It's been quite refreshing. Perhaps it's because it's a new problem and not yet totally recognised for what it is - it's not a sex addiction, it's a dopamine addiction they say - and how serious it can be.
Because they aren't following the pre-laid paths of treatment and advice that alcohol and other drug addicts tend to go down they're finding things out for themselves.
I've read some powerful stuff that has quite inspired me. The main goal in recovery from addiction - and no, it's not entirely novel I know - must be to build a better life with better behaviours.
I'm aware of this and working towards it. It has felt quite distant, but feels a little closer now.
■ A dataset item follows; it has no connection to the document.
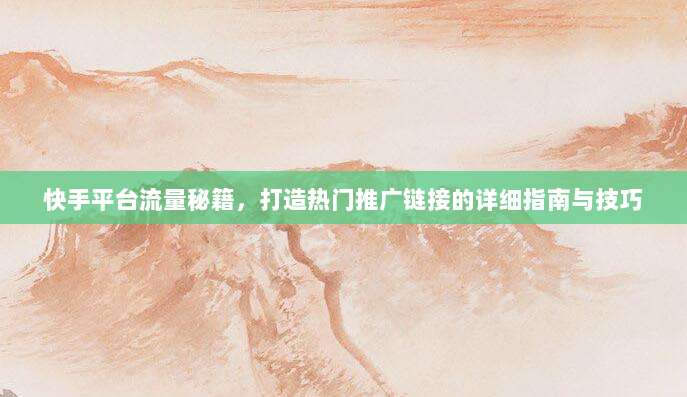 快手平台流量秘籍，打造热门推广链接的详细指南与技巧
Partly because I've achieved something this past few days and since I started with this in January. I've taken on new behaviours successfully and they've triggered more changes.
Before I start dreaming up my perfect life, my first goal must be to be an ordinary, average person.
Doesn't that sound terribly dull and uninspiring? For me, it will be a great achievement. To be someone who manages to go out without panic and has the freedom to do so whenever he wants. To be someone who can take care of themselves and their home. To start to take some pride in appearance and hygiene. To be on top of finances.
These are my first goals.
I'm moving towards them. This is the first time that Mag has been away and I haven't smoked cannabis or indulged in bad internet habits. My work life has massively improved. I'm getting fitter and stronger.
In fact, today has been one of the best days I can remember for a long time. For whatever reason my mood has been consistently good. I haven't struggled badly with cravings or urges, I've eaten well, I've done some stuff around the house, I've gone out for a walk. I've felt in control and therefore free.
So the new life - the writing novels, symphonies and operas - is still the big-picture goal. The shorter term goals is average, capable citizen.